<<<<

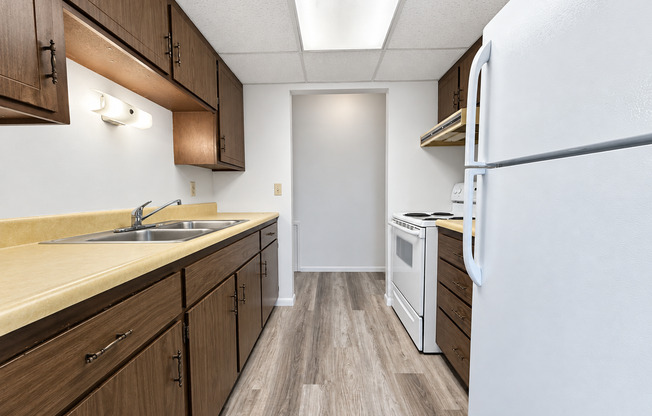 1116 2nd Street SE - Uptown Apartments
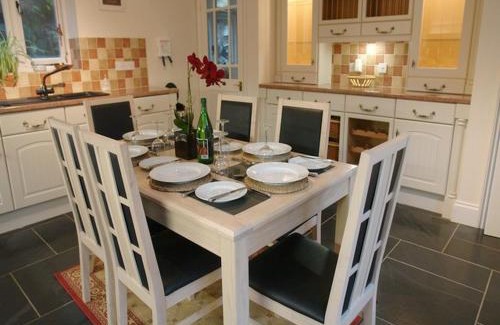 Barbrook House | Glenview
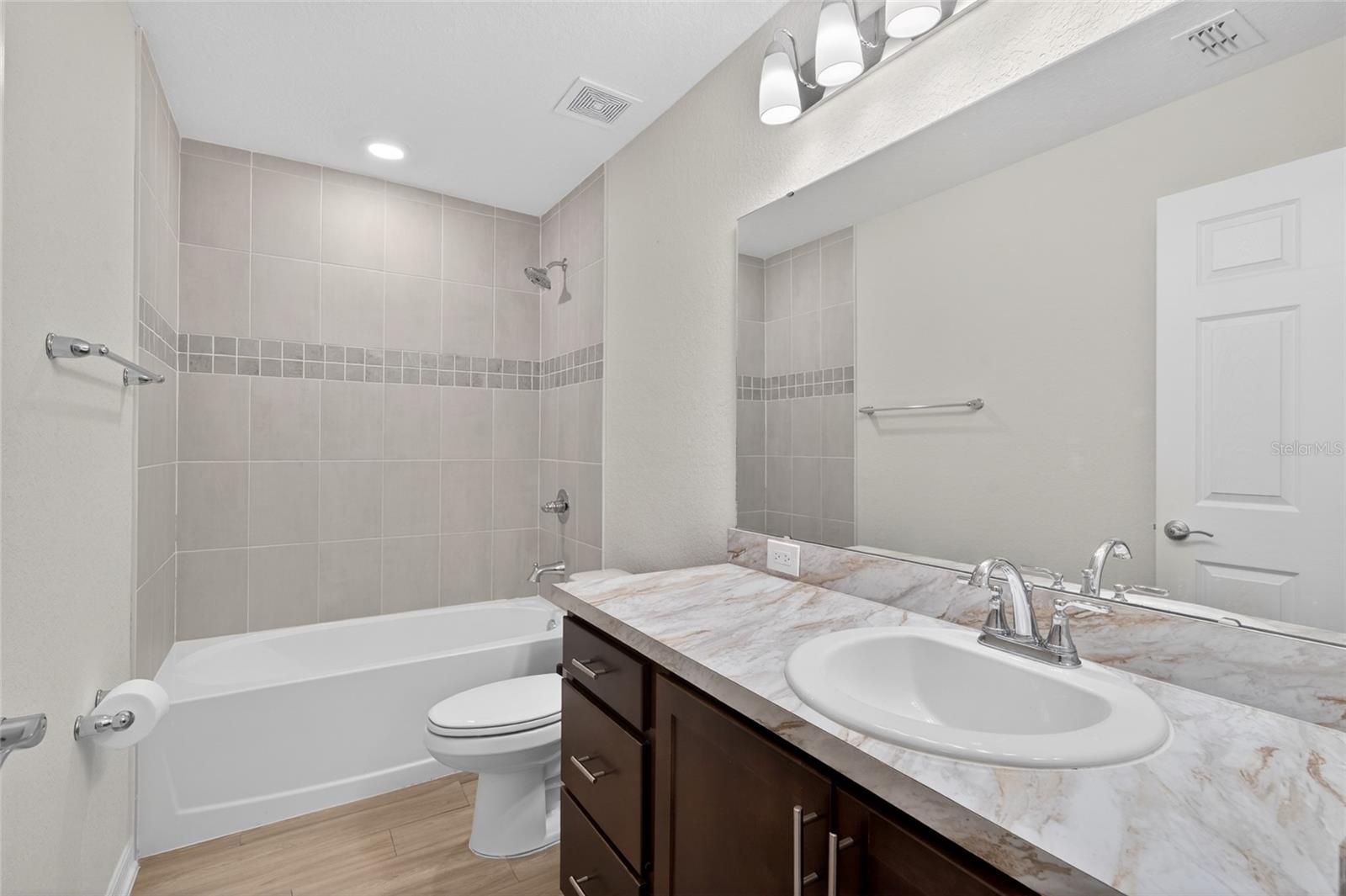 GENEVA LNDGS PH 1 - Residential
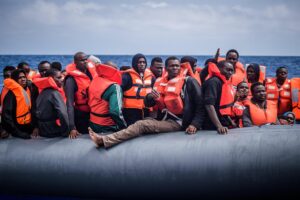 «Fermiamo gli sbarchi con il blocco navale»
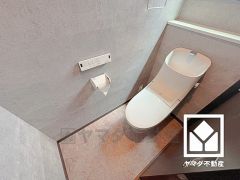 明るく清潔感溢れるトイレです。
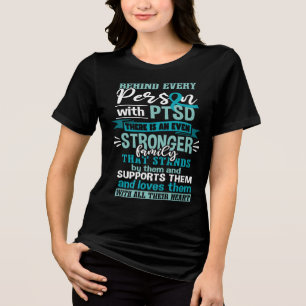 Camiseta Fique junto com alguém que vive com PTSD através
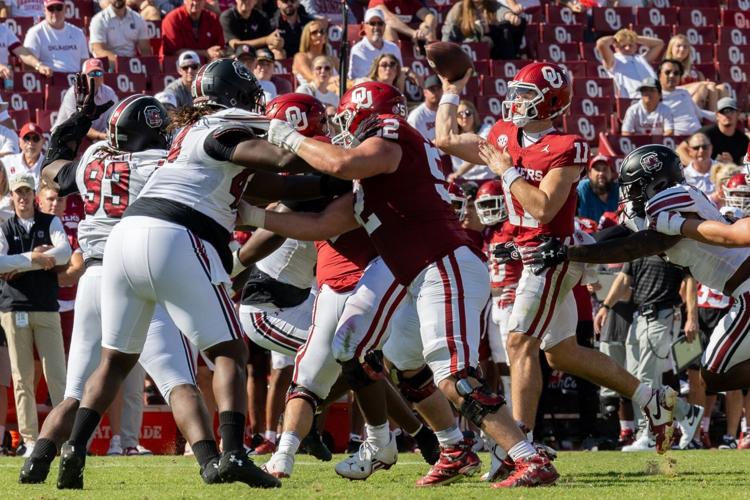 Jackson Arnold replaces Michael Hawkins in OU's QB roulette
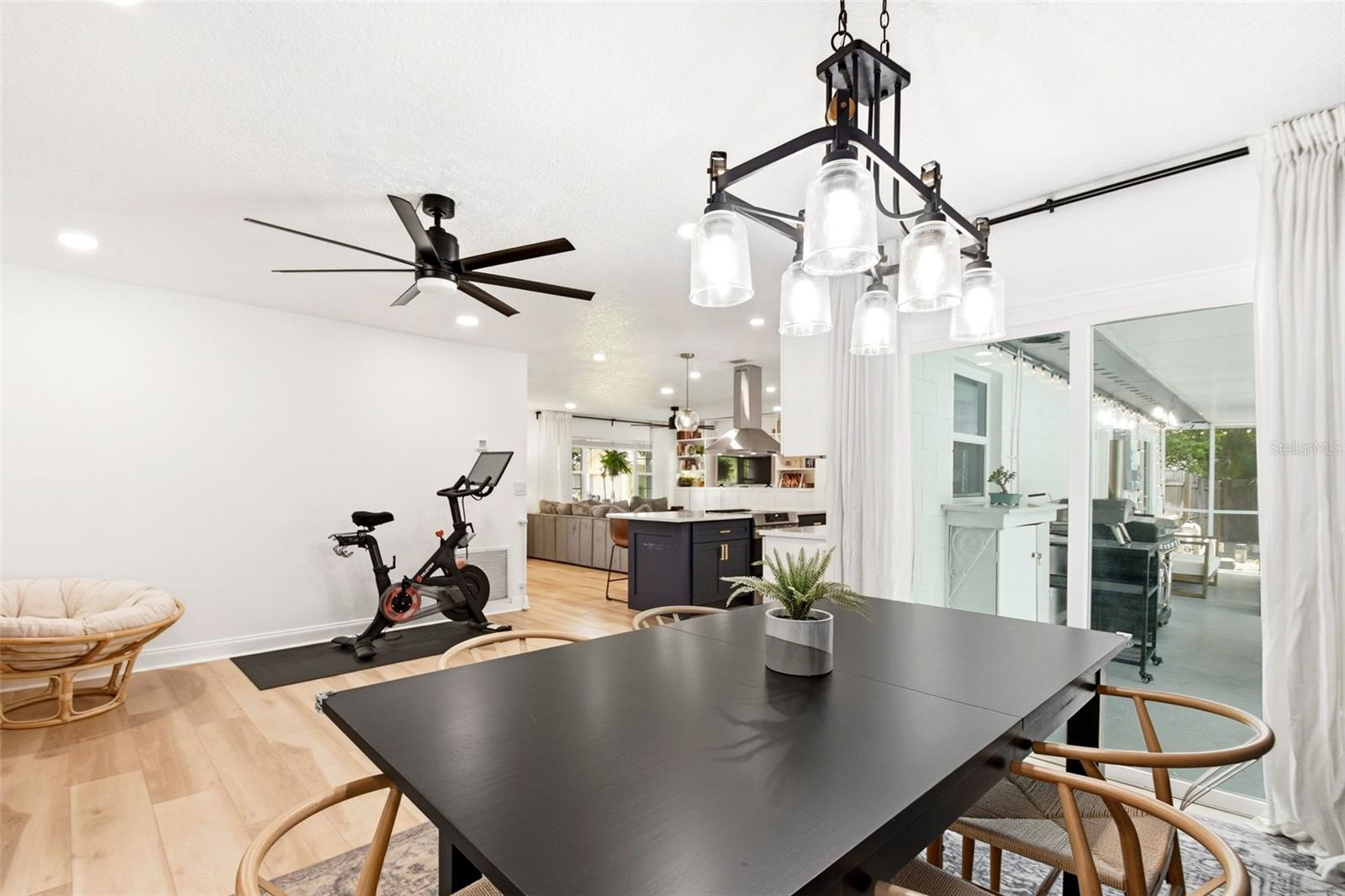 Image 16 of 34 For 1905 Bonanza Ct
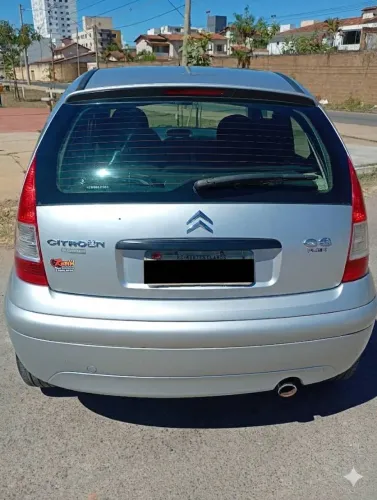 Citroen C3 GLX 1.4/ GLX Sonora 1.4 Flex 8V 5P 2012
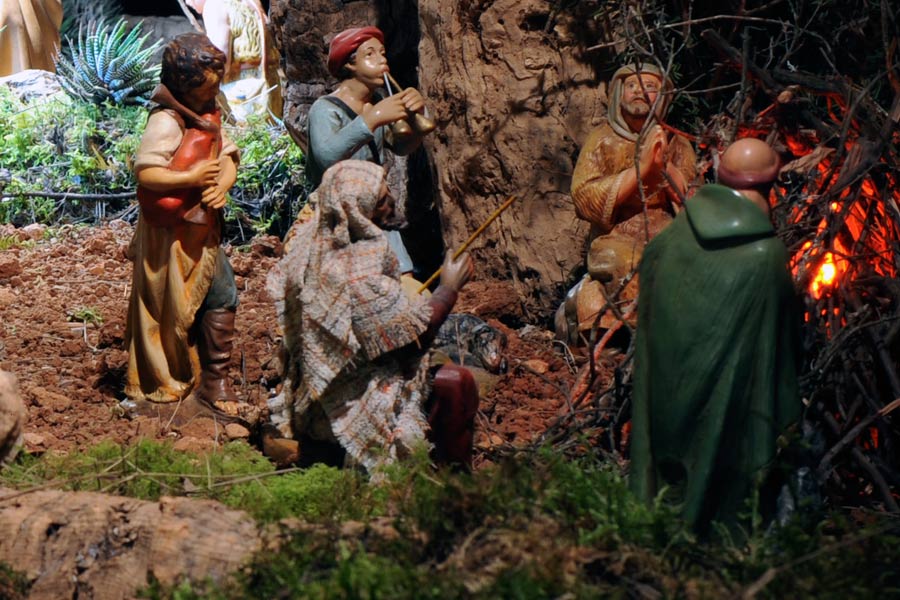 Belenes. Belén de Rafel Trobat ´Pau` expuesto por Navidad de 2013 en la iglesia de Algaida.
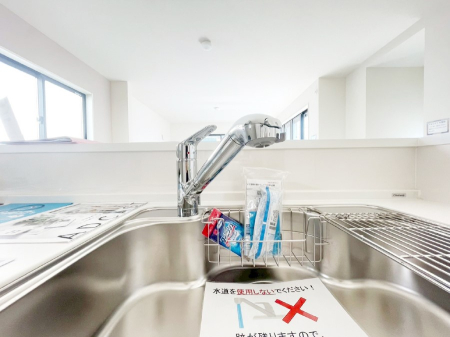 ̑ łȂB̐ŐƏ򐅂gB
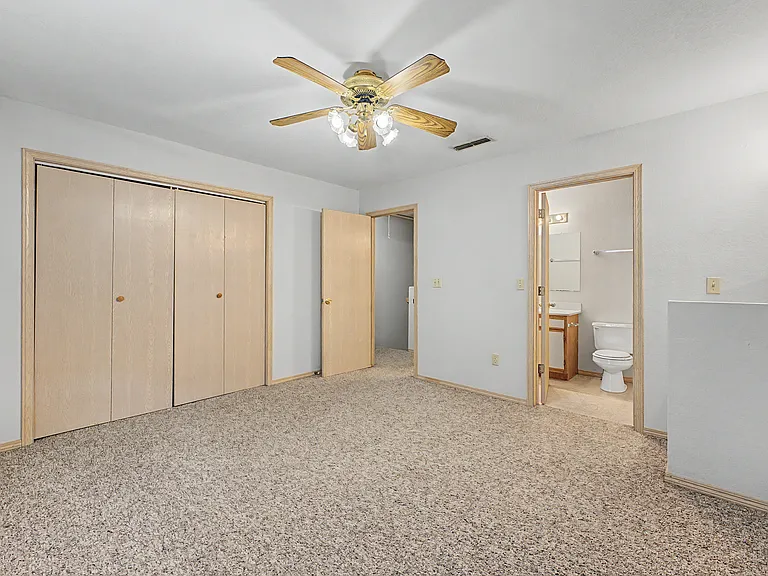 1364 E Sequoyah Ct — Photo 10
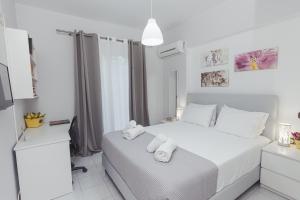 Silver Palm House Ixia, Rhodes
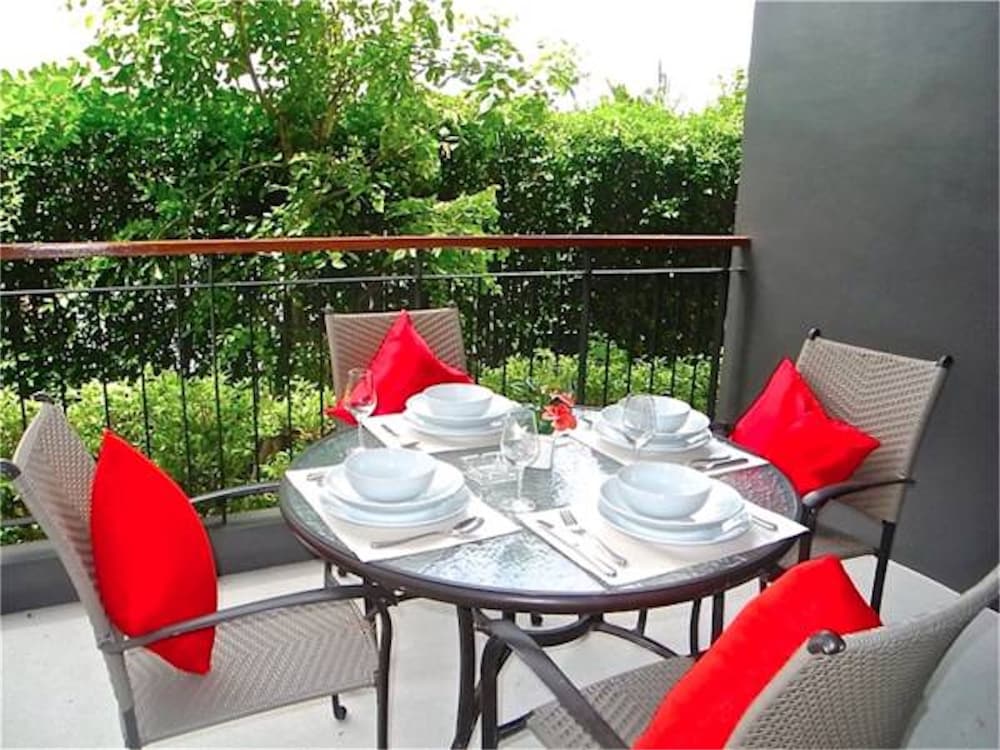 Фото Emerald Patong 1 bedroom Modern Apartment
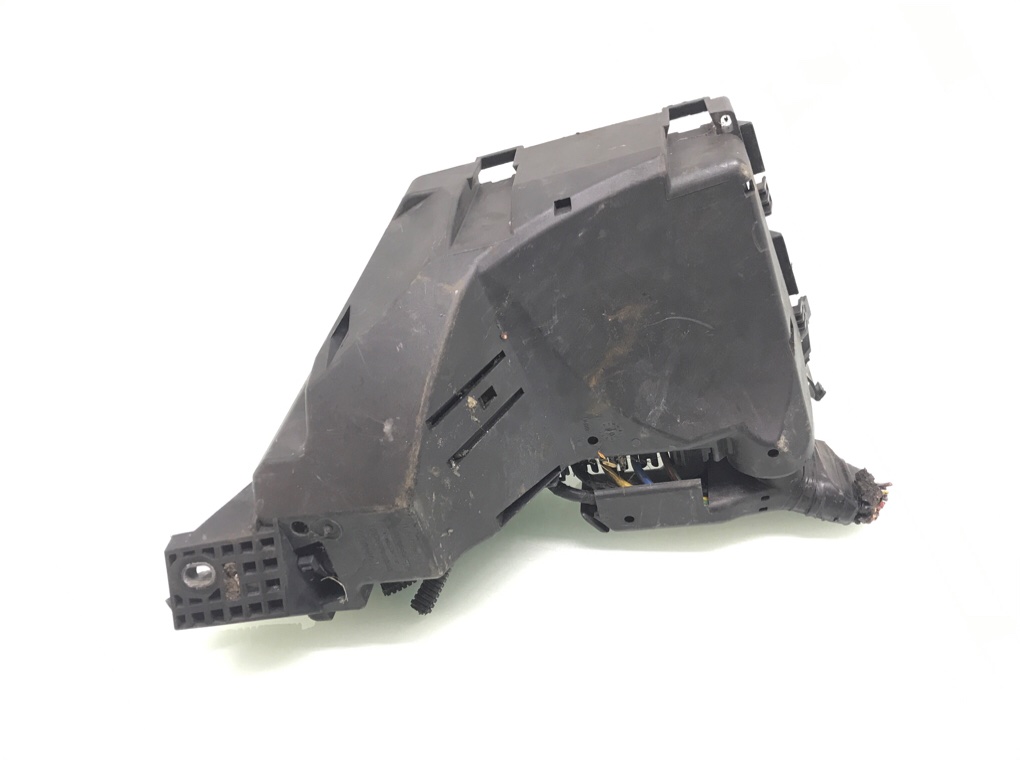 Блок предохранителей бу для Ford Mondeo 4 1.6 TDCi,  2011 г.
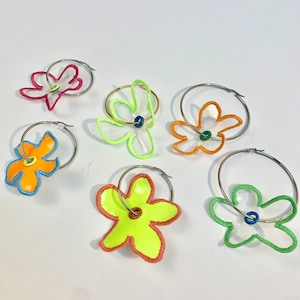 Bright daisy single handmade earring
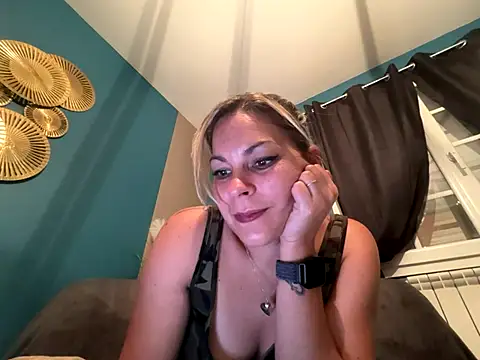 Snapshot of minettedusud chatting on 16, 10, 2025 minettedusud online show from 16, 10, 2025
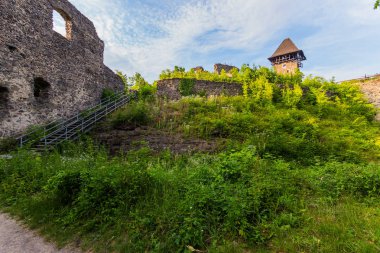 kule ve Transcarpathia bir güçlü nevytsky kale surlarının kalıntıları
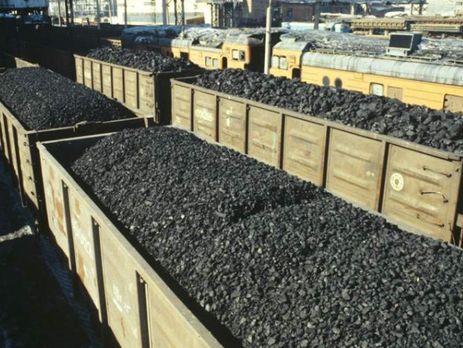 Казанский: В месяц через фронт идут тысячи вагонов с углем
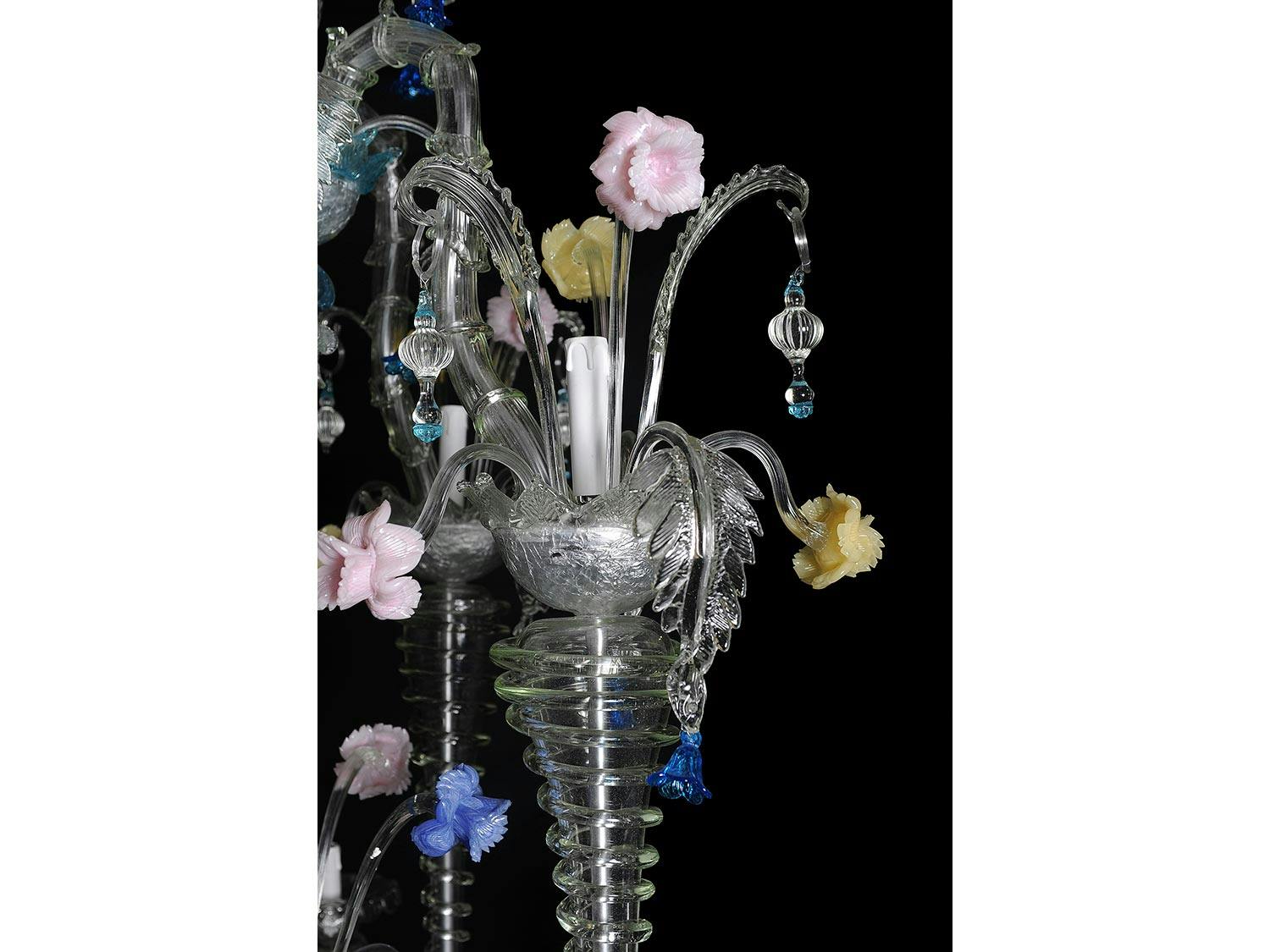 Detailabbildung: Großer imposanter Murano-Kronleuchter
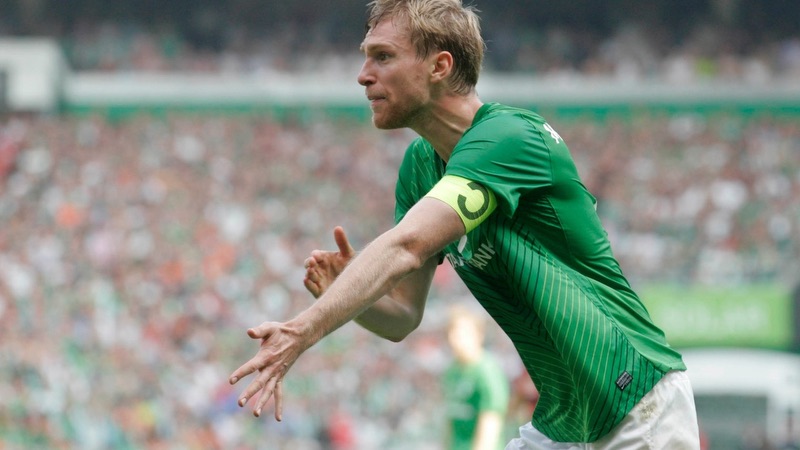 Sau đó cũng để lại ấn tượng của mình Cầu thủ Per Mertesacker - "Cây sào" và sự tận tụy ở Arsenal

>>>>

- **WHAT IS REQUIRED**:
Copy back exactly the lines above from the one containing "GENEVA LNDGS PH 1 - Residential" through the one containing "Detailabbildung: Großer imposanter", and leave every picture behind.

- **OUTPUT OF THE EXERCISE**:
 GENEVA LNDGS PH 1 - Residential
 «Fermiamo gli sbarchi con il blocco navale»
 明るく清潔感溢れるトイレです。
 Camiseta Fique junto com alguém que vive com PTSD através
 Jackson Arnold replaces Michael Hawkins in OU's QB roulette
 Image 16 of 34 For 1905 Bonanza Ct
 Citroen C3 GLX 1.4/ GLX Sonora 1.4 Flex 8V 5P 2012
 Belenes. Belén de Rafel Trobat ´Pau` expuesto por Navidad de 2013 en la iglesia de Algaida.
 ̑ łȂB̐ŐƏ򐅂gB
 1364 E Sequoyah Ct — Photo 10
 Silver Palm House Ixia, Rhodes
 Фото Emerald Patong 1 bedroom Modern Apartment
 Блок предохранителей бу для Ford Mondeo 4 1.6 TDCi,  2011 г.
 Bright daisy single handmade earring
 Snapshot of minettedusud chatting on 16, 10, 2025 minettedusud online show from 16, 10, 2025
 kule ve Transcarpathia bir güçlü nevytsky kale surlarının kalıntıları
 Казанский: В месяц через фронт идут тысячи вагонов с углем
 Detailabbildung: Großer imposanter Murano-Kronleuchter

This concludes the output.